6. The ME according to claim 5, wherein the thread management module is configured to allocate thread numbers to messages in a first-in-first-out manner through the free queue, and combine the allocated thread numbers and messages The fetch address carried by itself is written to the queue to be processed rdy_queue. When there are idle pipeline resources, the thread number of a message to be processed is scheduled from rdy_queue and the fetch address corresponding to the thread number is written to Operation queue work_queue, work_queue stores the thread number and fetch address of the message being processed. When a message needs to be looked up in the table, write the thread number and fetch address of the message. Go to the table lookup queue srh_queue. When a message is processed, Write the thread number and fetch address of the message into the message output queue pkt_out_queue; wherein, when a message needs to be looked up in the table or is processed, the message is deleted from the work_queue. The corresponding thread number and instruction address.
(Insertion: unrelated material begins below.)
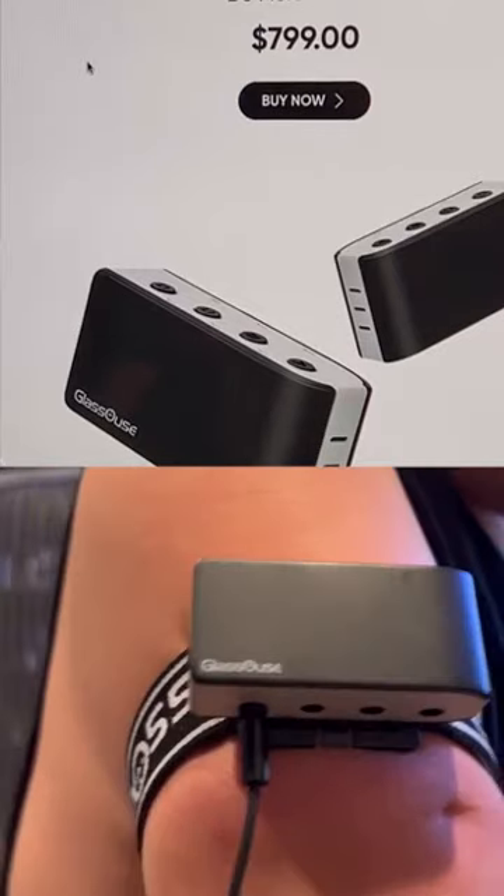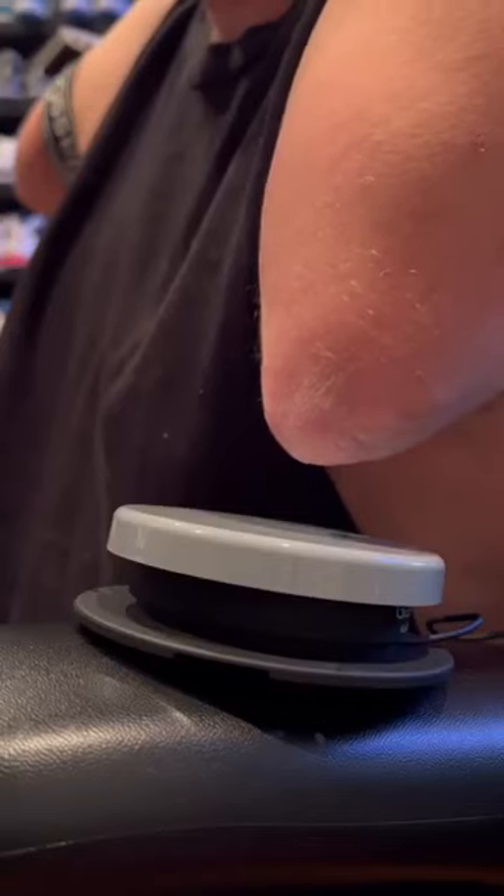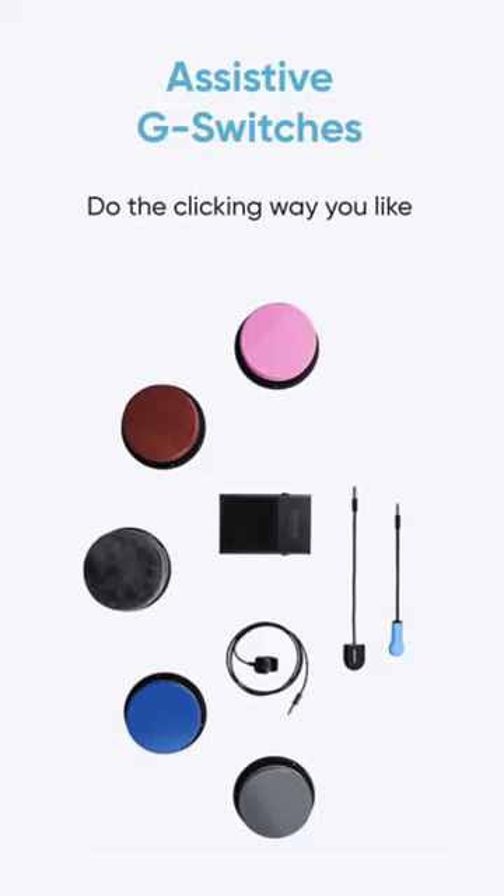By moving my arm up and down, right and left, I can control the cursor. To click the mouse they have several switches to choose from: big switches that you can mount, finger switches, or even bite and puff switches.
7. The ME according to claim 6, wherein the kernel module is configured to correspond to one thread for each level of the eight-level pipeline; wherein,

At the fourth level, the thread performs bit adjustments on the source operand;

At the fifth level, the thread performs the arithmetic operation corresponding to the message instruction and the calculation of the corresponding storage address based on the bit-adjusted source operand;

At the seventh level, the thread obtains the response to the operation request;

At the eighth level, the thread writes back the result of the arithmetic operation or the response to the operation request as the processing result of the message instruction;

8. The ME according to claim 7, wherein the thread management module is further configured to dry the thread number of the message after the message processing is completed.

9. A computer storage medium in which a computer program is stored, the computer program being used to execute the ME processing method described in any one of claims 1 to 4.